Zen: prima. Go: dopo. Sai: punto di contatto, limite, bordo; luogo; tra; occasione,
circostanza; momento. Da: tagliare via, dividere, interrompere, decidere,
decisione.

20 Horin: ruota del Dharma

Ho: vedi Dharma. Rin: ruota. Horin significa il girare la ruota del Dharma, cioè
l’attualità dell’insegnamento del Buddha.

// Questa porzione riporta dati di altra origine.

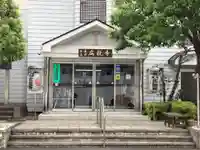 広説寺のその他建物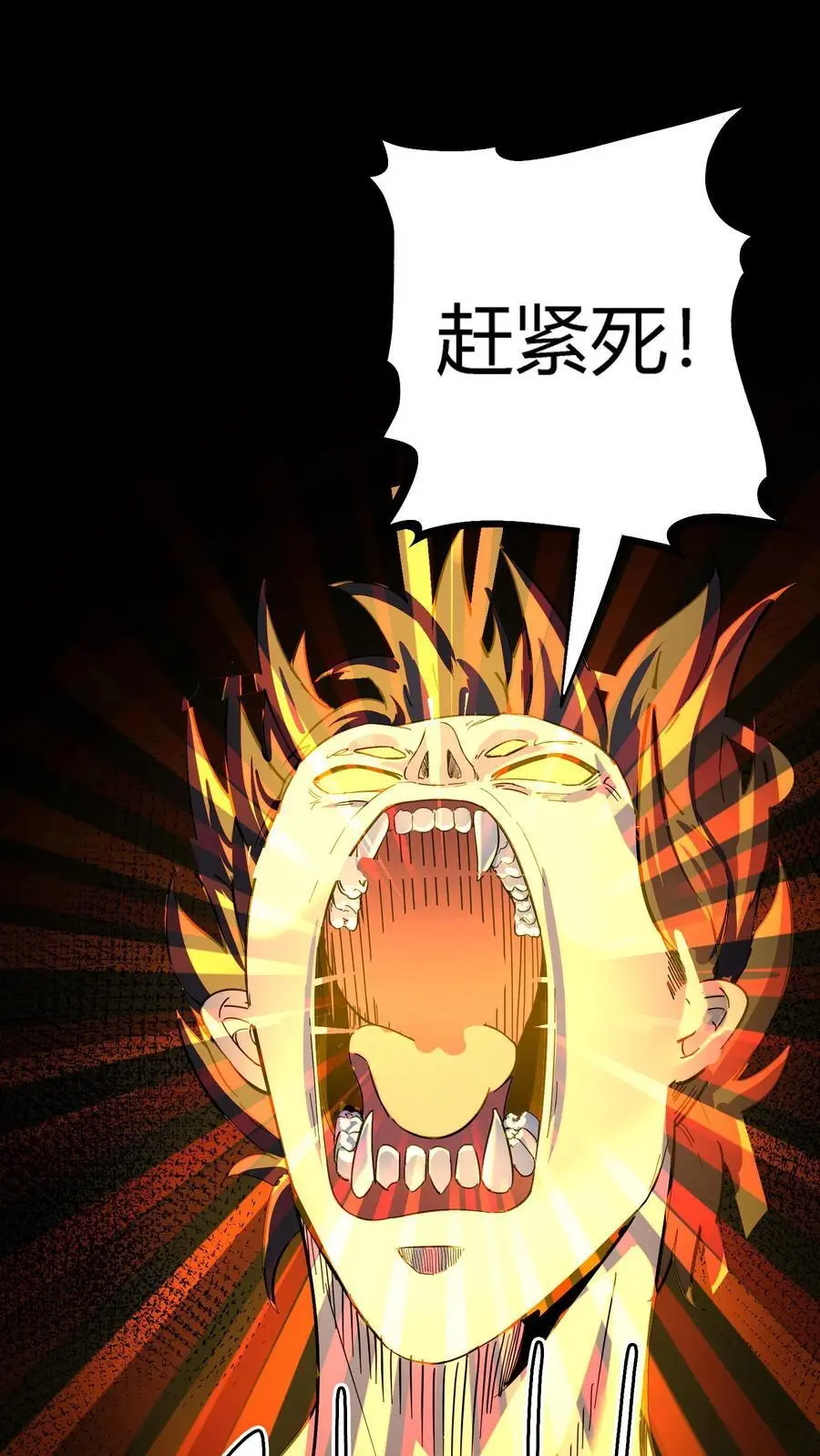 第180话 艰难取胜15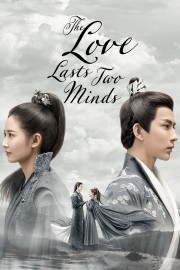 The Love Lasts Two Minds-voll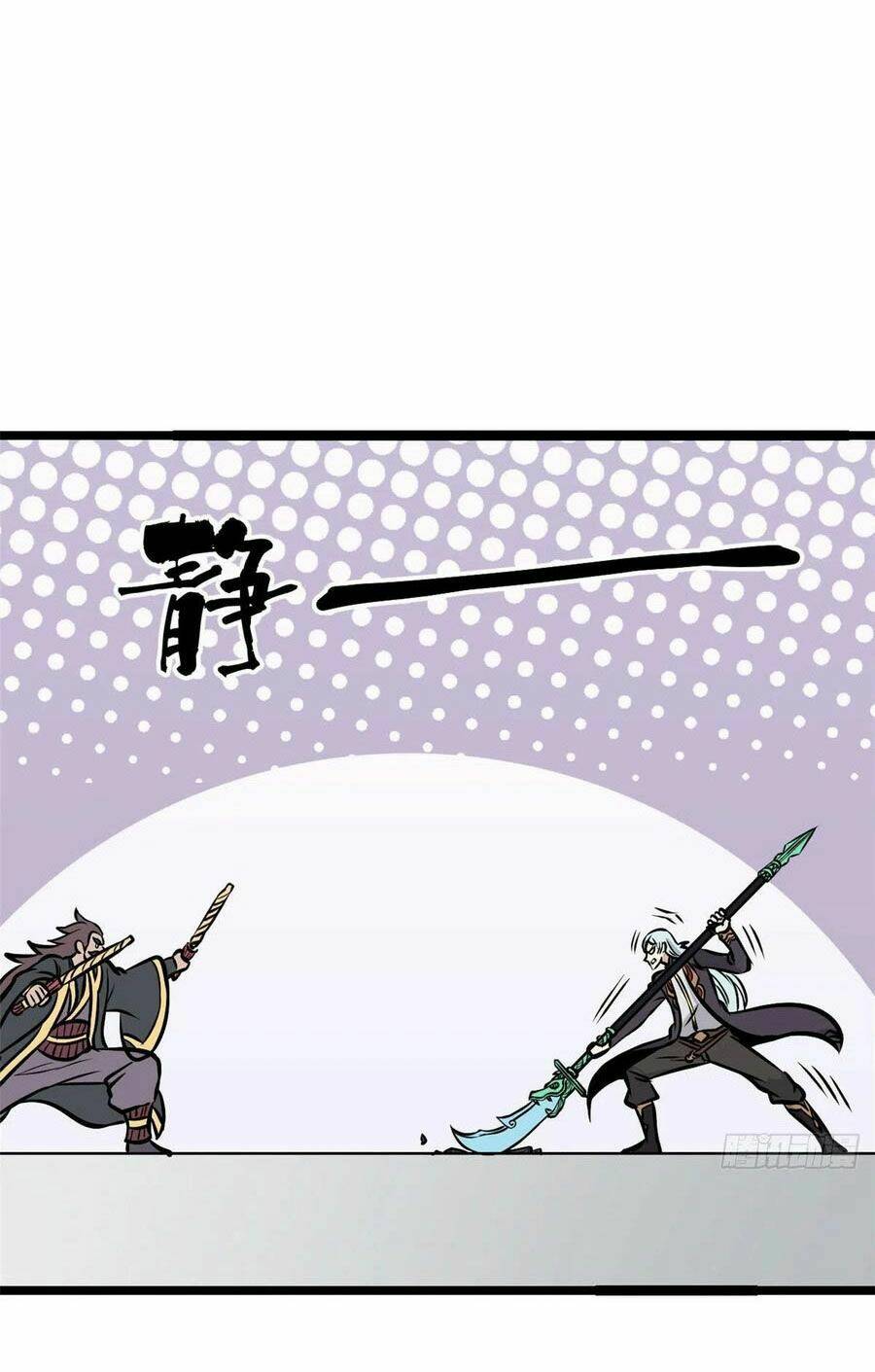 Vạn Cổ Tối Cường Tông - Chapter 92 - Page 37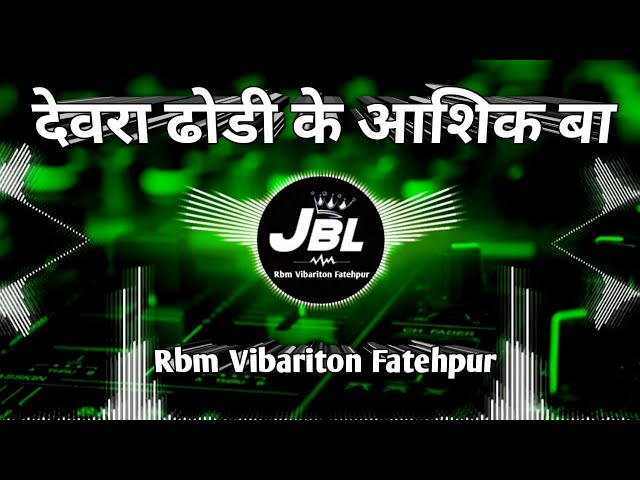 Dj vikrant Allahabad _ devra dhodi ke aashiq ba dj vibration song Rbm vibration JBL Bass King class=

21 fusho-fumetsu - non divenire-non cessare


Fu: non, in-.

Sho: vita, partorire, far nascere, formare, nascere, crescere; fresco, acerbo, (in
senso buddista:) esistenza, nascita: Vedi Shoji.

Metsu: affondare, cessare, spegnere, annientare; impermanenza; nirvana

22 Toku: qualità; virtù, caratteristica; merito; capacità; effetto.

23 Secondo una dottrina del Buddismo diversi esseri vedono il mare molto
diversamente: per i pesci è un palazzo, per gli Dei una collana di perle, per gli
uomini semplicemente acqua e per i demoni sangue e pus.

25 Mitsu’u: l’essere nascosto. Mitsu: occultato, misterioso, nascosto. U: vedi Uji.

26 Possibile lettura alternativa della frase: “La riuscita della conoscenza è


incerta”.

27 Dori. Do: via, traiettoria; andamento del mondo; ordine del mondo; retta via;
parlare; dire. Ri: disegno di linee in una giada; linee fondamentali, tratti
fondamentali; ordine; intima natura delle cose.

28 La citazione si trova nel 4° libro del Shumon Rentoeyo. Cfr. Dainihon zokuzokyo,
v. 136, copertina n. 9, quaderno 3, 252.